The Fed’s Bubblenomics



But where are the bubbles this time? Arguably the most obvious ones are in stocks and in alt-currencies. (For the record I am very much pro-Bitcoin, Etherium, Litecoin, the whole bit. (So to speak.) But there is a LOT of hot money in cryptos. That can’t be denied.)

China just pumped $46 billion into its system in an effort to keep the game going over there. (This sort of thing has been happening periodically in China since 2009. In 2015 it looked like the wheels were going to come off, but they barely stayed screwed on.)

There are other places such as very high end real estate. (In some places.)

(From Mises)

The bottom line is what lessons have been learned by policymakers, economists, financial analysts and others who are interested in understanding how the Federal Reserve conducts its policies “to promote optimal macroeconomic performance.” If the Federal Reserve’s critics are correct, that the Fed’s “groupthink” ignored the warnings of individuals during the 1990s and early 2000’s, then the public and members of Congress should call for a reassessment of the central bank’s mission and policies—and its very existence.

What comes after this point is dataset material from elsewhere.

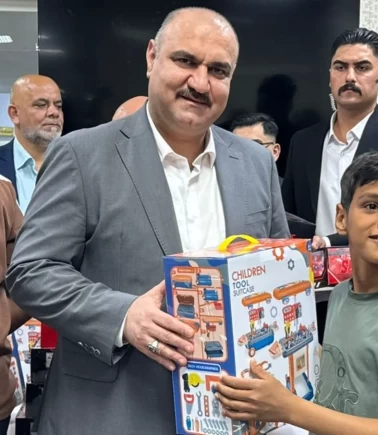 Vali Ağa kimsesiz çocukları yalnız bırakmadı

If Federal Reserve officials are “blameless” for the economy’s booms and busts, then how can the average American small business owner, employee, corporate executive and retiree manage their economic and financial affairs knowing that they will have to live through more painful economic cycles in the years and decades ahead? In other words, if a market economy is always susceptible to booms and busts, then how can the Federal Reserve better “manage” the U.S. economy to avoid a painful episode like the Great Recession of 2008 – 09 in the future?

But based on the evidence compiled during the research phase of this study, the Federal Reserve cannot achieve its goals. If it could, the US economy would not have had financial bubbles in the 1990s and early 2000s.